Short web captions
+ + + + +

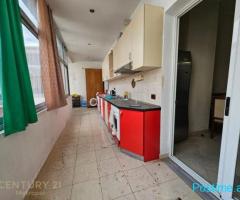 APARTAMENT 1+1 PER QIRA NE FRESK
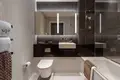Wohnung 2 Schlafzimmer 55 m² London, Großbritannien
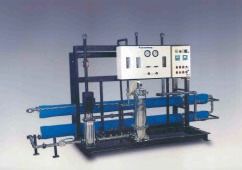 Reverse Osmosis Systems Cue Forearm: Ash Wood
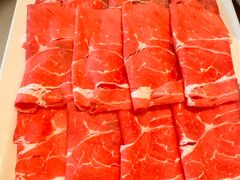 -牛街·马辈儿涮肉(牛街总店)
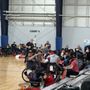 Photo of MobilityWorks - Tampa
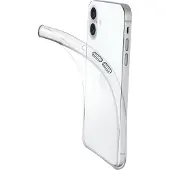 Cellularline Fine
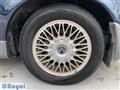 1993 Mazda Eunos Cosmo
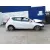 HYUNDAI I30 HYUNDAI I30 '2011 * BLANCO 2007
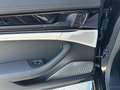 Porsche Panamera Turbo E-Hybrid 21,8kWh PDK !!!!MEGAVOLL!!!! Schwarz - thumbnail 10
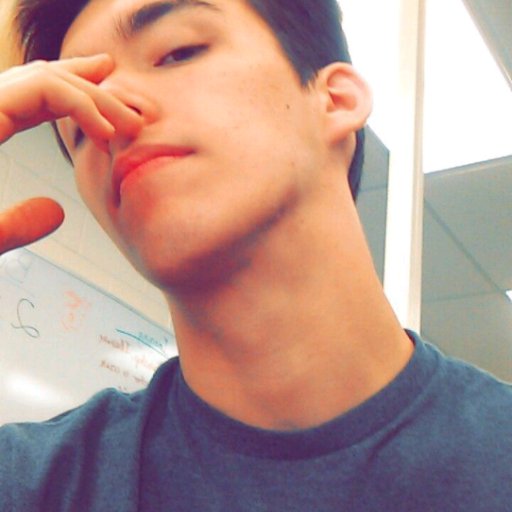 chrisla40767133's profile picture. 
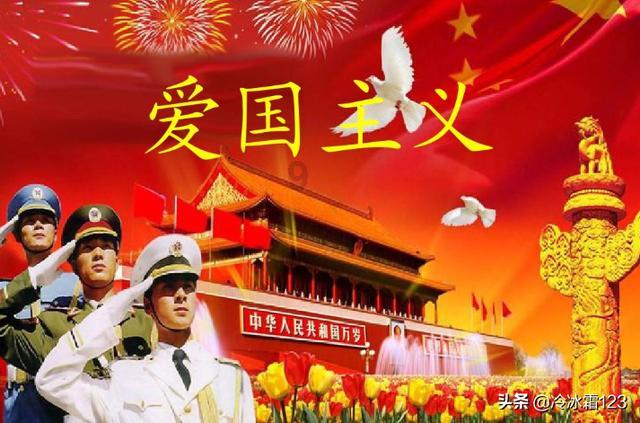 了解曾为安倍遇刺哽咽的媒体人曾颖,如今迫于压力在东京轻生,你怎么看?的知识星球,拓展学习视野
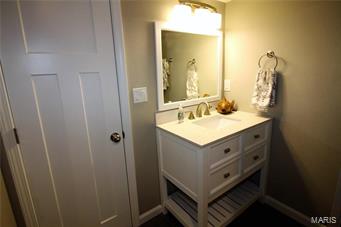 Hull Valley - Residential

+ + + + +

# Problem statement
Repeat only the lines from the one holding "Porsche Panamera Turbo" through the last line of the data, inclusive. Keep the pictures out.

# Reply
 Porsche Panamera Turbo E-Hybrid 21,8kWh PDK !!!!MEGAVOLL!!!! Schwarz - thumbnail 10
 chrisla40767133's profile picture. 
 了解曾为安倍遇刺哽咽的媒体人曾颖,如今迫于压力在东京轻生,你怎么看?的知识星球,拓展学习视野
 Hull Valley - Residential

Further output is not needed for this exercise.